Greenport, a village of 2,400 in the town

Greenport, a village of 2,400 in the town of Southold, features views of the Peconic Bay, a shopping district, restaurants and hotels. Credit: Erin Geismar

Greenport’s new regulations on short-term and Airbnb rentals could go into effect in November after the village's board of trustees unanimously approved code revisions that apply to single- and two-family homes.

Under the amended law, approved on a 5-0 vote, short-term rentals — defined under Greenport’s code as less than 14 days — are prohibited unless the space is owner-occupied or there is a long-term tenant with at least a one-year lease agreement. Owners of two-family homes are exempt from the 14-day minimum stay, as long as one of the units is owner-occupied or there is a long-term tenant with at least a one-year lease agreement. Because an owner must live on the property year-round, only portions of a single-family home can be rented for short stays.

“The law gives a direction that the Greenport community wants to go in," said trustee Mary Bess Phillips. "They don’t want to be known as ‘The Airbnb Capital of The East End.’ ”

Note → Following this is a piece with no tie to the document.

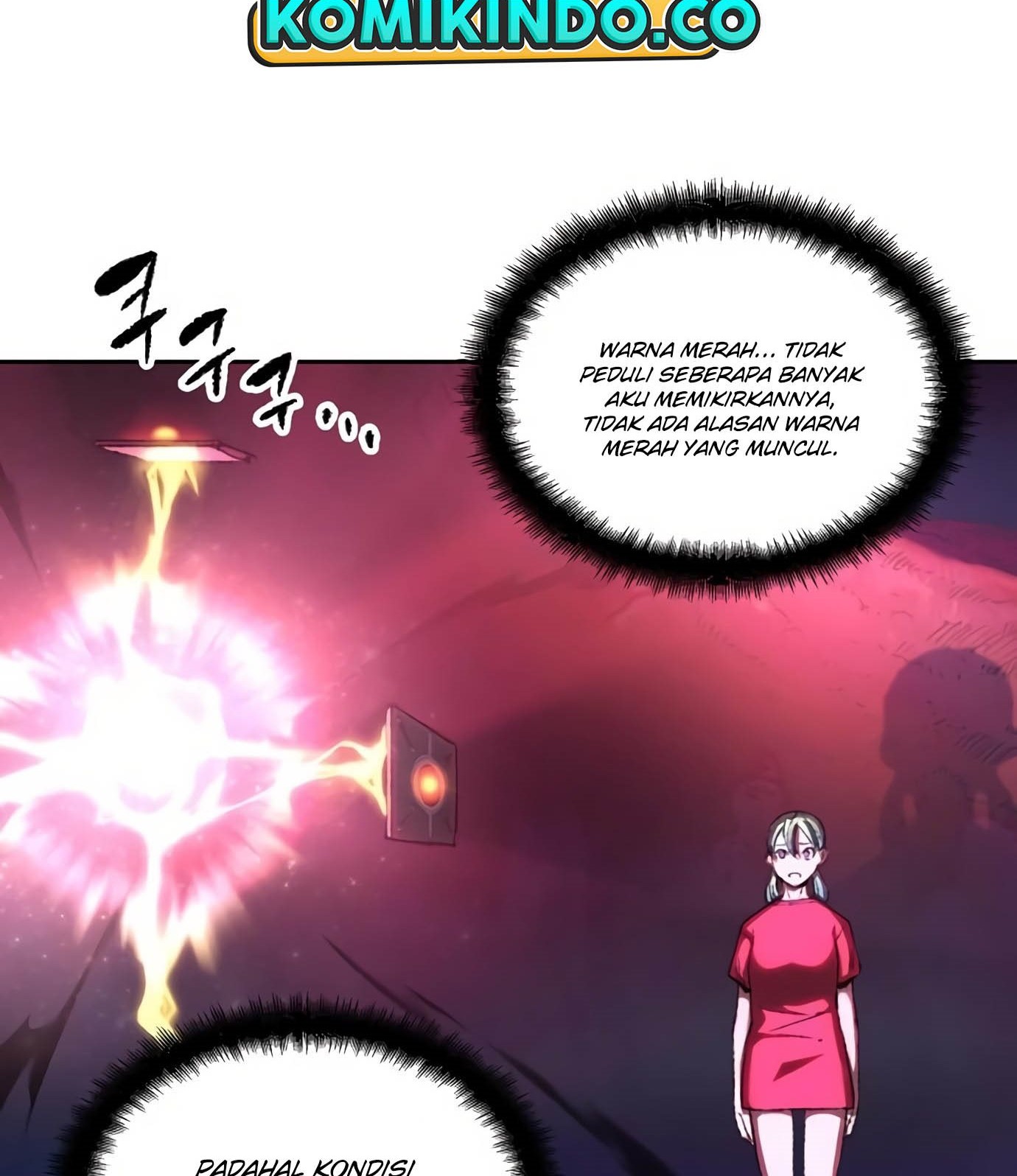 OOPARTS Chapter 75 halaman 3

Some residents have complained that short-term, transient renters have generated noise, trash and traffic congestion in the village and called for tougher regulations, while some property owners argued that such regulations would hurt their prospects for rental income.

“It’s been a long process, going back and forth with different versions [of the law], and we finally got something that the board and the public seem comfortable with,” Mayor George Hubbard said Friday.  

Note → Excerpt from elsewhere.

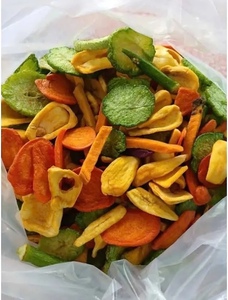 Fournisseur de chips de légumes frits sous vide, vente en gros de fruits et légumes séchés, collations - Product Image 6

Josh Meltzer, head of Northeast policy for Airbnb, said Friday that, "We are currently reviewing the new regulations passed by the Village Board of Trustees, to determine how they will impact those who depend on home sharing in order to make a little extra income here in Greenport."

The law will go into effect after it is filed with and approved by New York State, the latter of which is expected to happen in November, officials said.

“It feels good that we took a step, and we’re protecting housing for people who live here year-round and work here, and I think this is what the village residents wanted," said trustee Doug Roberts. "They spoke loud and clear, so we did what they wanted us to do.”